• [The problem]:
Your response to the data below should hold nothing except the lines from the one containing "Person confidently reviewing" down to the one containing "Bague large en", reproduced exactly and without pictures.

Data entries
· · ·

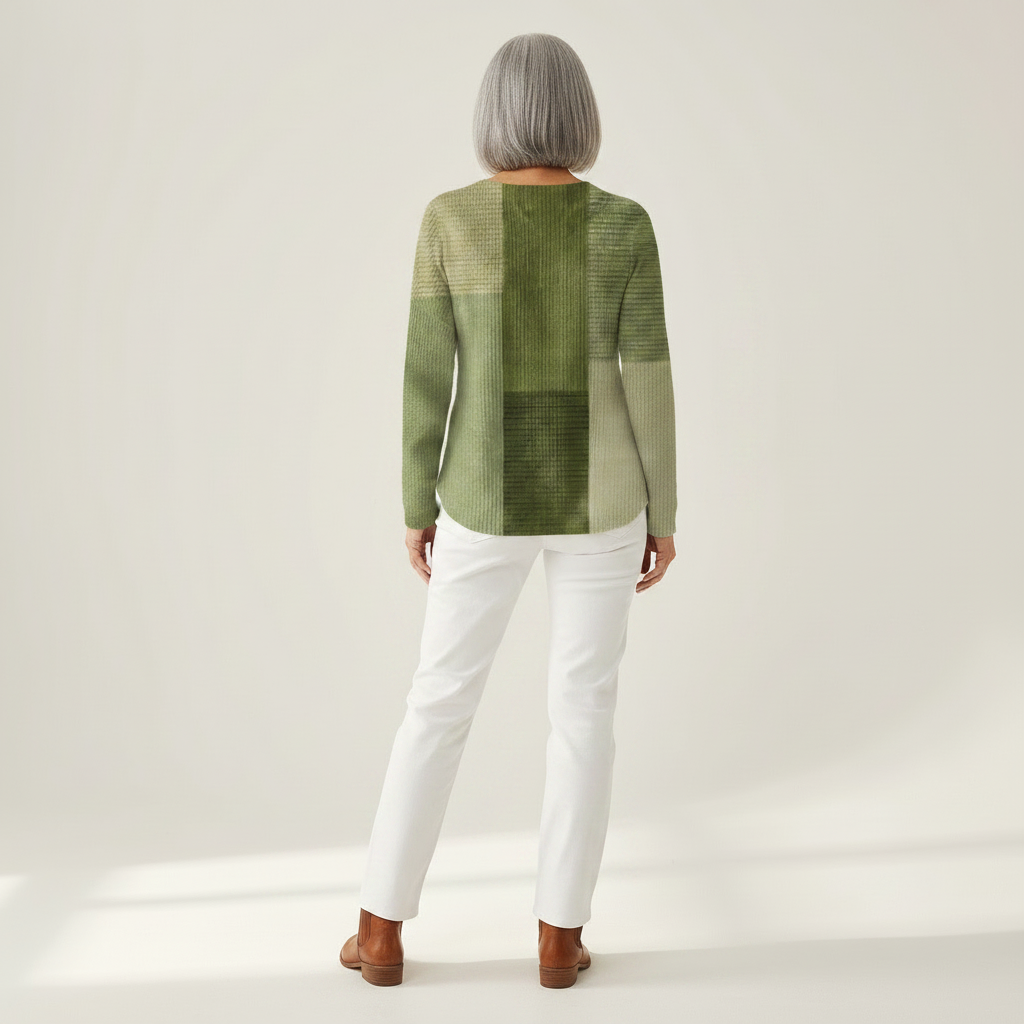 Katrin | Patchwork-Pullover in Grüntönen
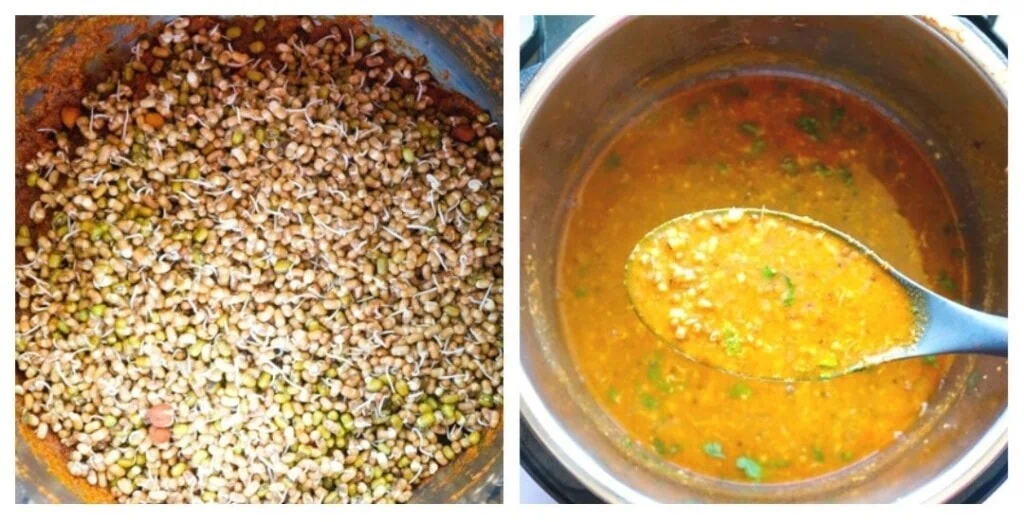 steps to make misal in a pressure cooker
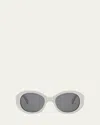 Celine Embellished Acetate Round Sunglasses In Ivory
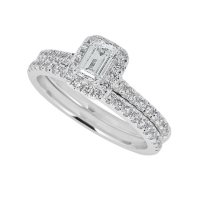 1.03 CT. T.W. Emerald-Cut with Halo Diamond Engagement Ring Set in 14K White Gold (HI, I1)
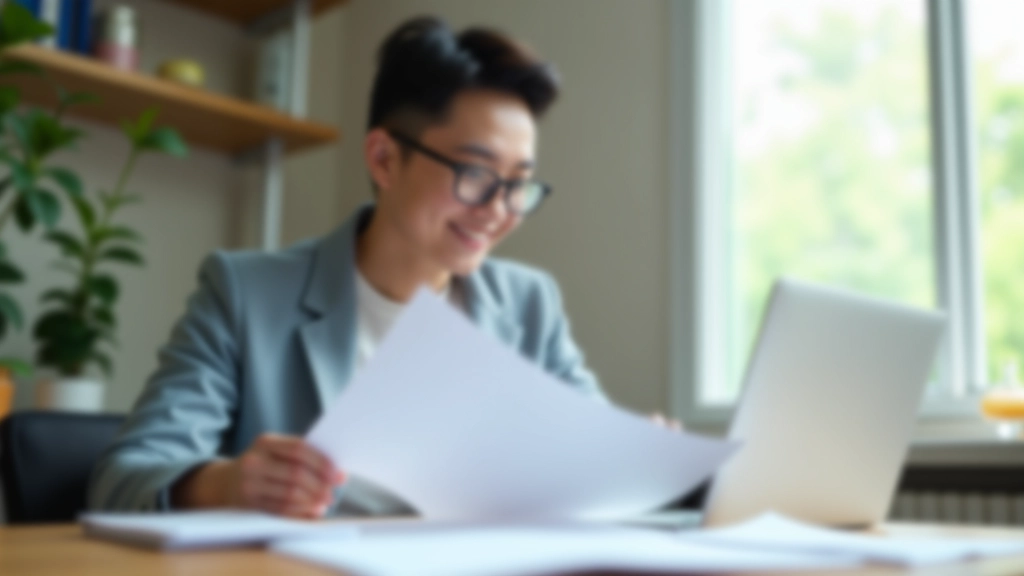 Person confidently reviewing financial plan at desk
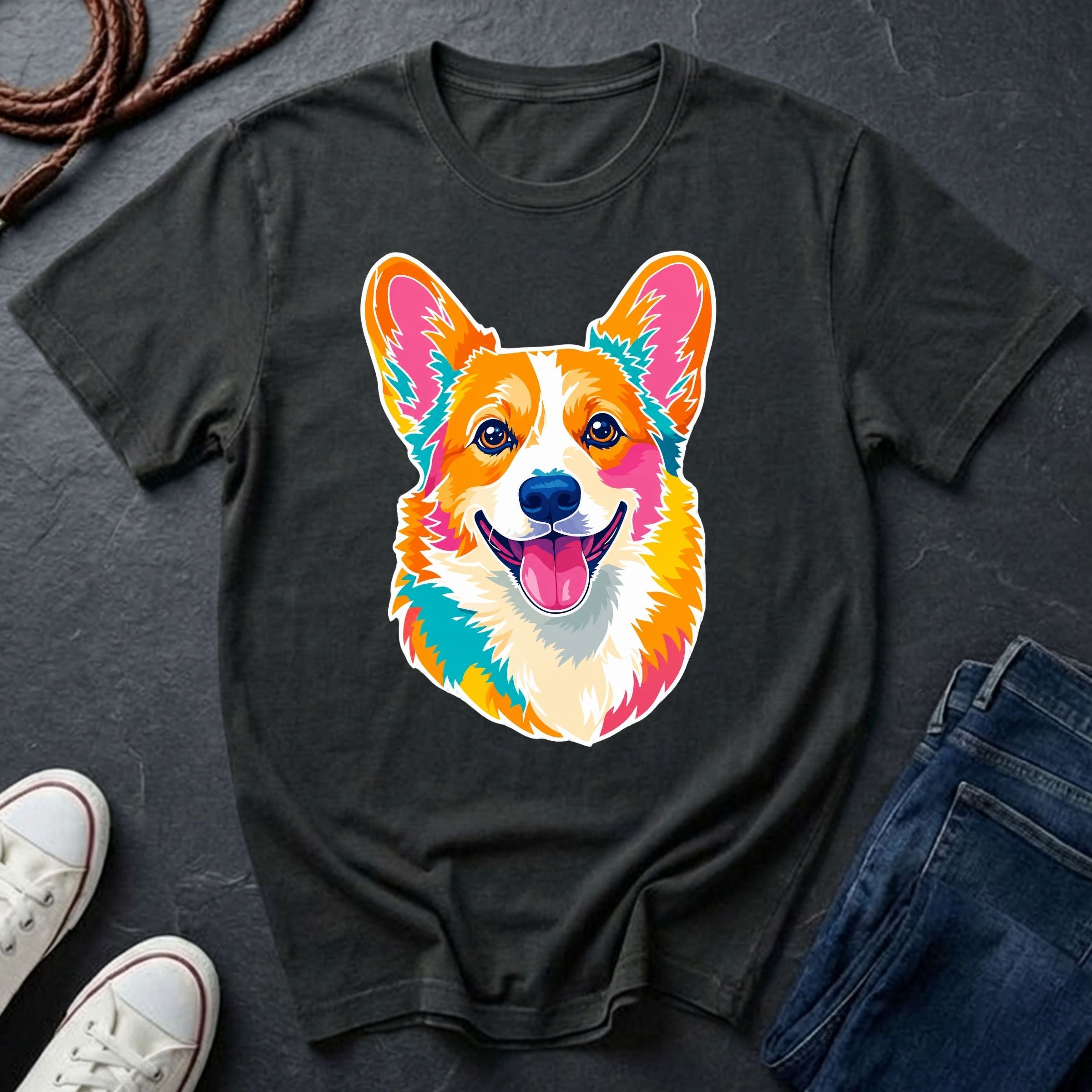 Corgi Pop Art t-shirt design featuring colorful graphic dog portrait on a black Comfort Colors tee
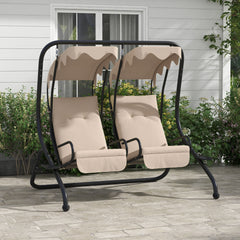 2-Seater Outdoor Porch Swing with Canopy, Patio Swing Chair for Garden, Poolside, Backyard, Beige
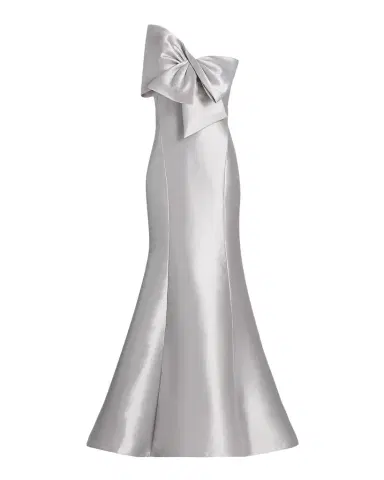 Amsale Metallic Satin Bow Mermaid Gown | Thumbnail 1 Amsale Metallic Satin Bow Mermaid Gown | Thumbnail 1
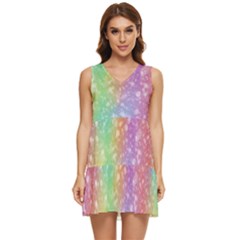 Rainbow Colors Spectrum Background Tiered Sleeveless Mini Dress by Ravend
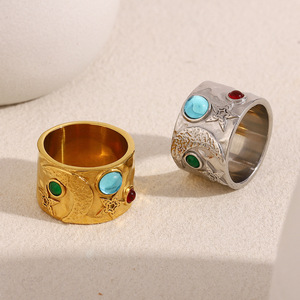 Bague large en acier inoxydable plaqué or 18 carats, incrustée de pierres précieuses colorées, style rétro, texturée, pour femme - Product Image 4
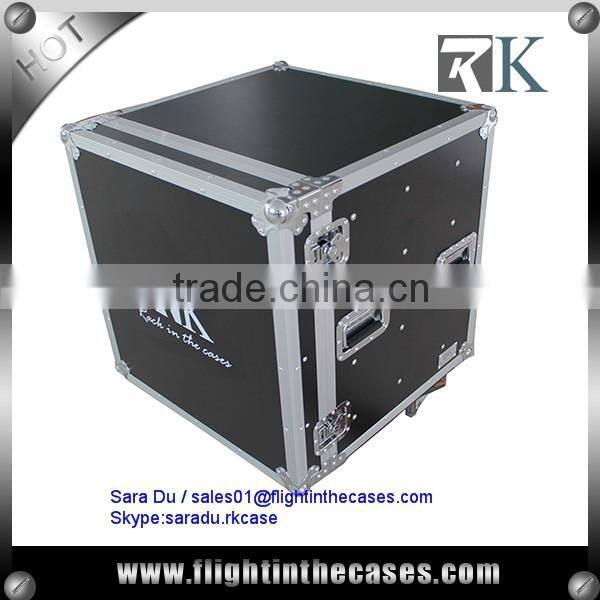 14U Rack Drawe Flight Case with Wheels, 4 Drawers-- 2 x 4U, 2 x 3U high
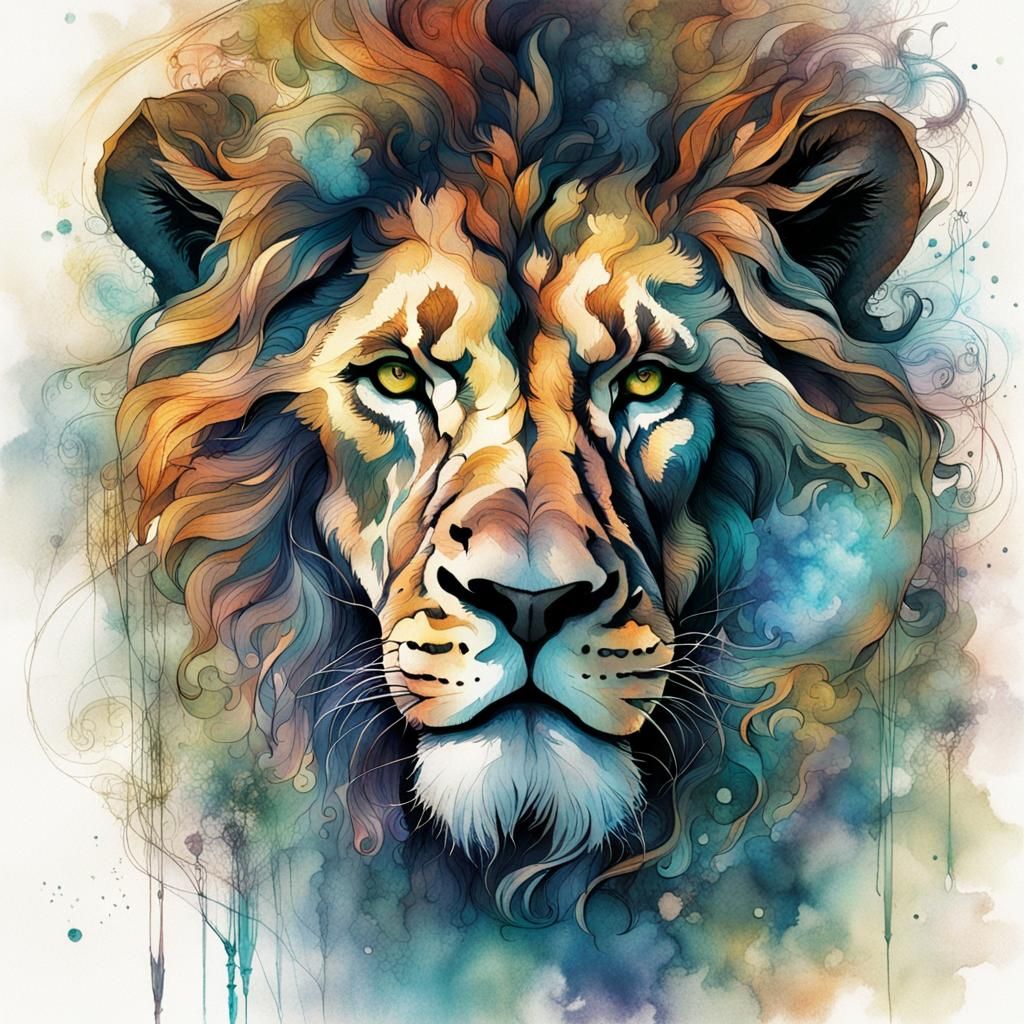 Intense Lion in Dark Fantasy Iridescent Mist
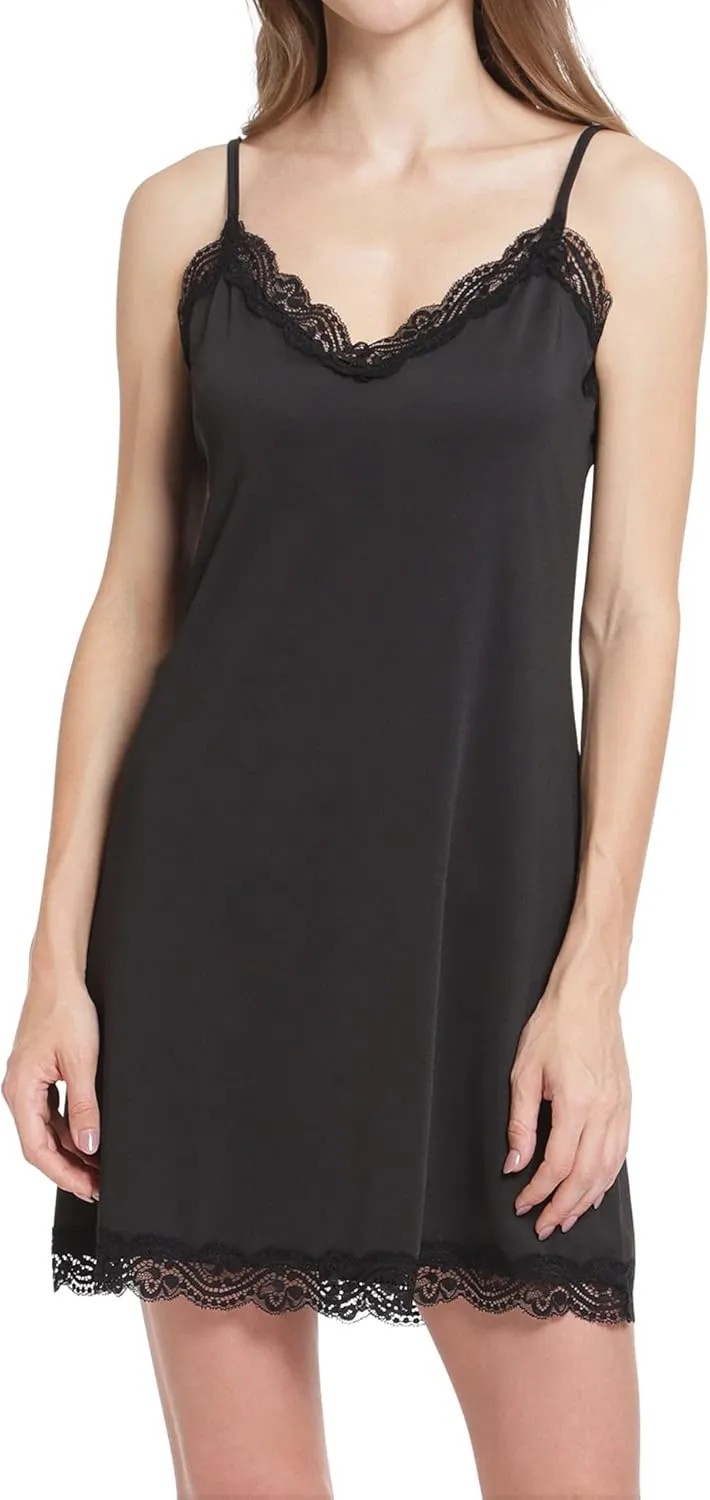 MANCYFIT Women's Full Slips Lace V-neck Adjustable Strap Sleepwear Dress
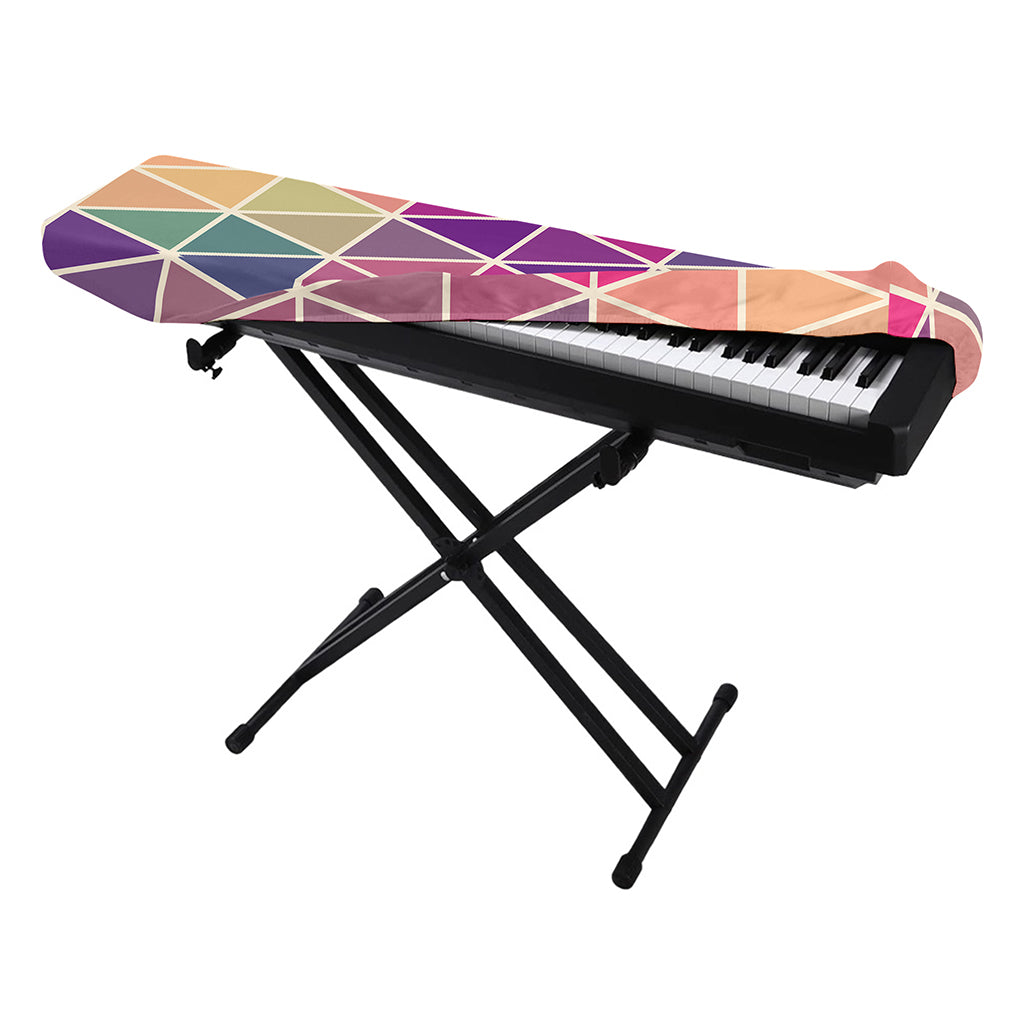 Pastel Geometric Shape Pattern Print Piano Keyboard Cover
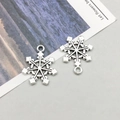 Antique silver snowflake charms for DIY jewelry making with retro metal finish - Christmas Snowflake (8392)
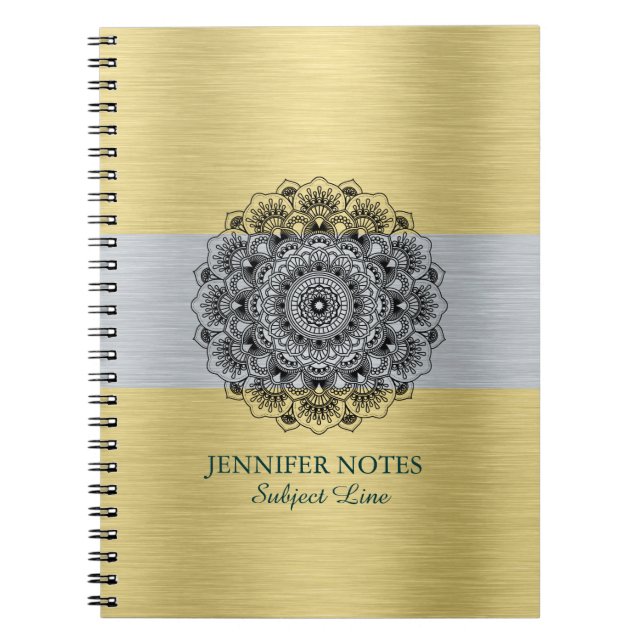 Cuaderno Mandala negra sobre oro metálico y plata (Frente)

· · ·

• [Exercise response]:
 Person confidently reviewing financial plan at desk
 Corgi Pop Art t-shirt design featuring colorful graphic dog portrait on a black Comfort Colors tee
 2-Seater Outdoor Porch Swing with Canopy, Patio Swing Chair for Garden, Poolside, Backyard, Beige
 Amsale Metallic Satin Bow Mermaid Gown | Thumbnail 1 Amsale Metallic Satin Bow Mermaid Gown | Thumbnail 1
 Rainbow Colors Spectrum Background Tiered Sleeveless Mini Dress by Ravend
 Bague large en acier inoxydable plaqué or 18 carats, incrustée de pierres précieuses colorées, style rétro, texturée, pour femme - Product Image 4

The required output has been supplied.